7. Célula hospedante según la reivindicación 6, donde dicha célula hospedante es una levadura.

8. Célula hospedante según la reivindicación 7, seleccionada del grupo que comprende S. cerevisiae, K. lactis, H. polimorpha y P. pastoris.

9. Procedimiento para fermentar proteínas según la reivindicación 3, en el cual

(a)

una molécula de DNA de cualquiera de las reivindicaciones 1 ó 2, un vector de copia múltiple de la reivindicación 4, o un plásmido de la reivindicación 5, se expresan en una célula hospedante según cualquiera de las reivindicaciones 6 a 8; y

(b)

las proteínas expresadas se aislan del sobrenadante del cultivo celular.
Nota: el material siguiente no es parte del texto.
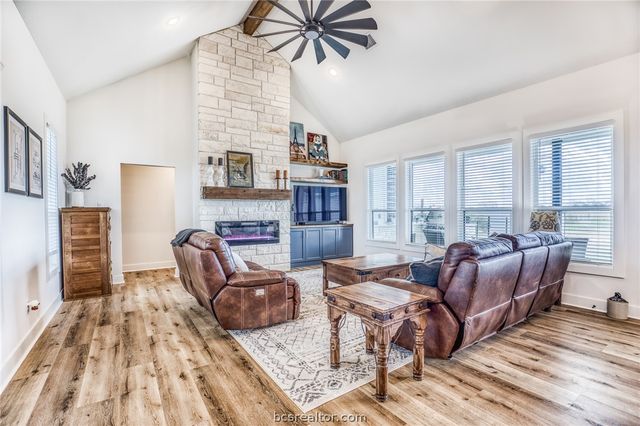 233 Randi Road, Bellville, TX 77418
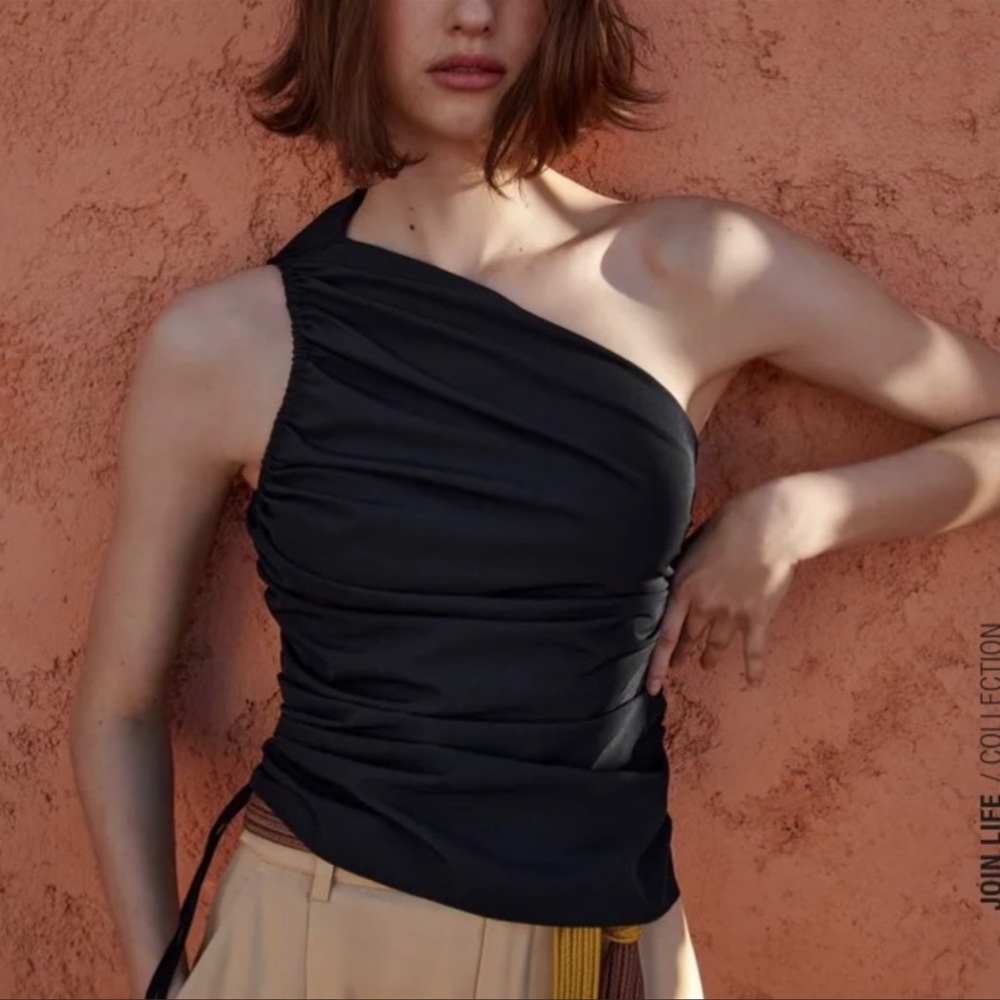 NWT Zara Ruched One Shoulder Top XS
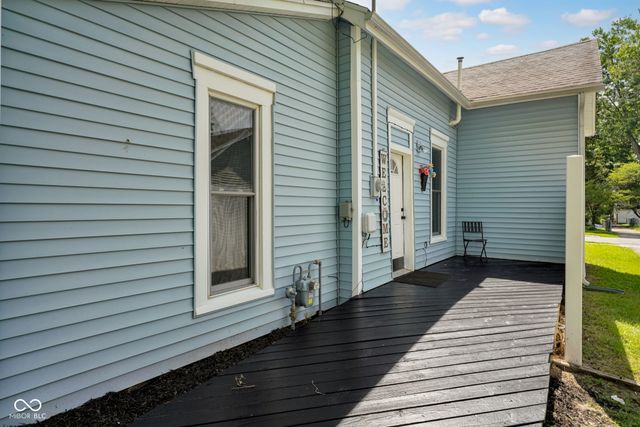 1617 Lafayette Avenue, Columbus, IN 47201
10. Procedimiento según la reivindicación 9, en el cual después de completar la fermentación, se ajusta el pH a 2,5-3,5 para precipitar las proteínas no deseadas y las proteínas expresadas se aislan del sobrenadante de la precipitación.

11. Procedimiento según la reivindicación 10, en cuyo procedimiento, después de separar el sobrenadante de la fermentación de las células hospedantes, las células hospedantes se cultivan repetidamente en medio fresco, y la proteína de fusión liberada se aisla de cada sobrenadante obtenido durante el cultivo.

12. Un procedimiento según cualquiera de las reivindicaciones 9 a 11, en el cual una etapa del procedimiento para concentrar la proteína expresada en el sobrenadante después de la precipitación se selecciona de un grupo que comprende microfiltración, cromatografía de interacción hidrófoba y cromatografía de cambio iónico.

13. Procedimiento para la preparación de insulina, en el cual

(a)

la proinsulina se expresa como la proteína (Y) de la casete de expresión de la reivindicación 1, en un procedimiento según las reivindicaciones 9 ó 10;

(b)

la proinsulina de la etapa (a) se aisla y se trata con tripsina y carboxipeptidasa B; y

(c)

la insulina se aisla de la mezcla de reacción de la etapa (b).

14. Procedimiento según la reivindicación 13, en el cual el péptido de transporte es hirudina o un derivado de hirudina que se destruye o se inactiva biológicamente después de la etapa (a) o (b).

15. Proteína según la reivindicación 3, donde la proteína es un derivado de hirudina con dos restos aminoácidos básicos en su extremo del C terminal.